Recently I attempted to cross East Bay Drive at the intersection with Keene/Starkey Roads (Crossing northbound from Walgreens to CVS drug store.) The button was pushed and the long wait took place to obtain the "walk" signal (East Bay traffic is favored.) When the "walk" signal appeared, eleven (11) cars turned right on red without stopping-completely ignoring my signaling a desire to cross. One charming driver even acknowledged my presence with a hand signal of some kind. The "walk" sign was over by the time there were no more turning cars. I pushed the button again and waited in the hot sun for another opportunity to cross legally at this corner. On the second cycle only four (4) cars turned on red without stopping. The fifth one actually stopped and I was able to take advantage of the remaining seconds on the countdown signal to hurry across the street. It would have been easier, safer, and faster to cross mid-block using the median as a safety island and crossing eastbound and westbound lanes separately. But that would be illegal and might have resulted in my receiving one of Largo's $62.50 pedestrian citations!
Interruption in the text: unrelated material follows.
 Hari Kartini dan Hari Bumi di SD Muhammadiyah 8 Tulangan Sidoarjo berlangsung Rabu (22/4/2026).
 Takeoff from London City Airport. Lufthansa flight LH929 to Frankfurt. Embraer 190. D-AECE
It seems totally unfair that drivers are not issued citations when they do not honor the stop requirement before right turning on red. But the method for improved pedestrian safety through police efforts seems to only involve penalizing the pedestrians.
Thank you for your letter concerning pedestrian safety. I couldn't agree with you more. Until recently the "enforcement" efforts did seem to be primarily focused on mid block crossing and warning or citing pedestrians while ignoring drivers that stop across the cross walk, roll through red lights making right turns oblivious to pedestrians and bikes. Recently, traffic officers in Largo have been focusing more on drivers that make it unsafe for pedestrians. There is definitely room for improvement. The city is also working towards a signalized mid block crossing on Missouri near Wal-Mart (which is particularly dangerous.) The unfortunate reality is that Pinellas County (not just Largo) is built for cars and it is going to take a long time to remedy this problem. I will share your concerns with the city administration and officer Edmiston and get back to you.
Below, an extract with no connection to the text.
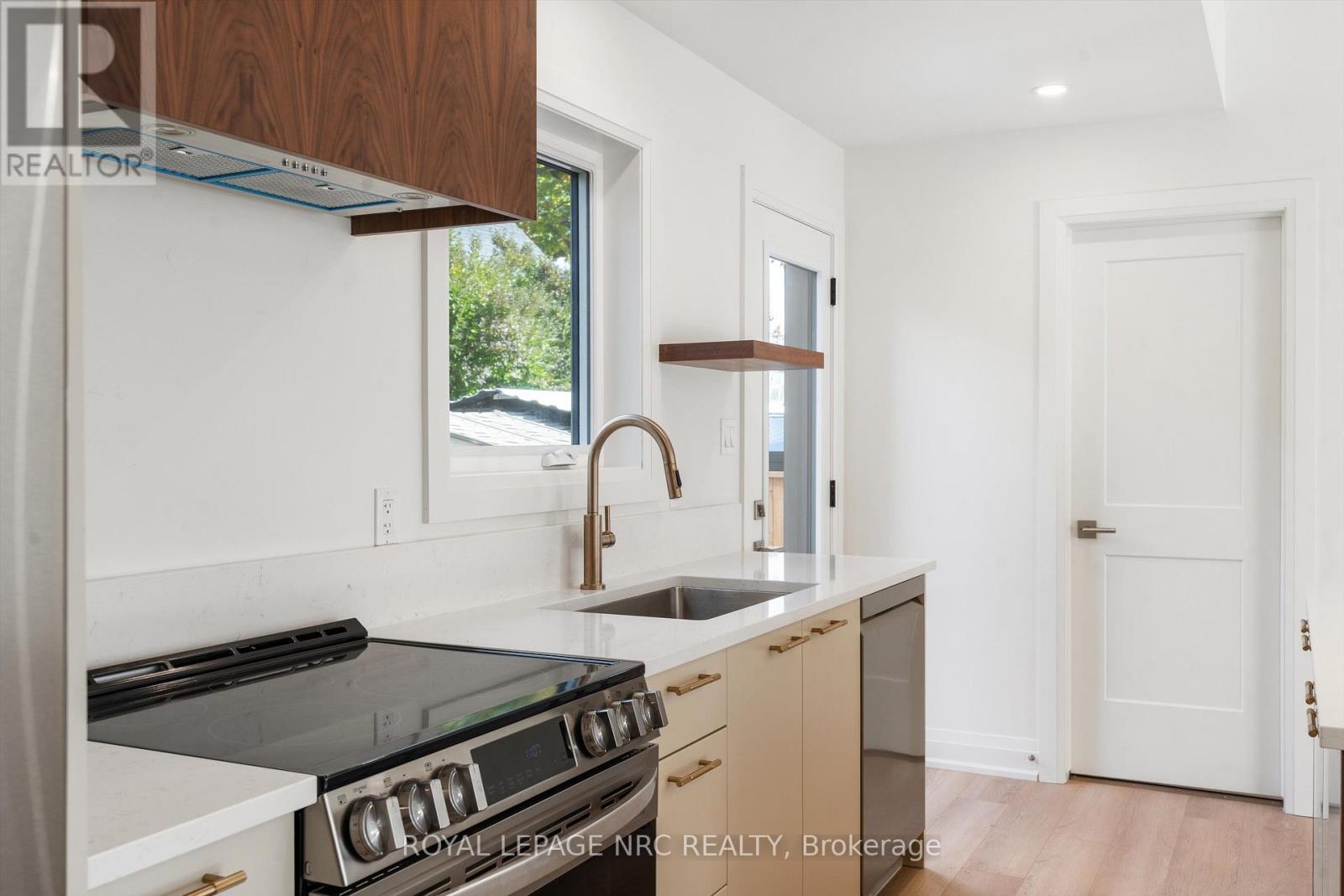 7619 Mulhern Road, Niagara Falls (Ascot), ON - Indoor Photo Showing Kitchen With Upgraded Kitchen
I have been facilitating the Pedestrian Enforcement Grant since we received it in July. We began focusing the enforcement efforts on pedestrians crossing illegally at intersections and mid block. We utilized that time to educate pedestrians to utilize signalized intersections to cross the roadways safely. Enforcement during the past month was focused in two parts, vehicles that fail to yield to pedestrians in crosswalks and the pedestrians that continue to jaywalk or cross against the signalized intersections. We have also focused attention on vehicles that fail to yield to pedestrians at mid block, signalized intersections along Clearwater Largo Road. I understand the citizen's concern regarding the motorist failing to yield to pedestrians at the intersection of Keene and East Bay Drive. Unfortunately, this seems to occur far too often at our major intersections. This has been a problem for several years and that was part of the reason the grant was given to the Tampa Bay area. We will continue to monitor this intersection, as well as many others, and cite those vehicles found in violation. I am deploying our resources during the peak times of violations, however I must remain fiscally responsible with the grant money received and continue our enforcement efforts through the remainder of the year. I assure you this concern does not come lightly and we are doing our best to change motorist and pedestrian behavior. This problem will take time to change behaviors and I hope that the state receives a second round of funding next year so we can continue to make a difference in pedestrian related crash statistics.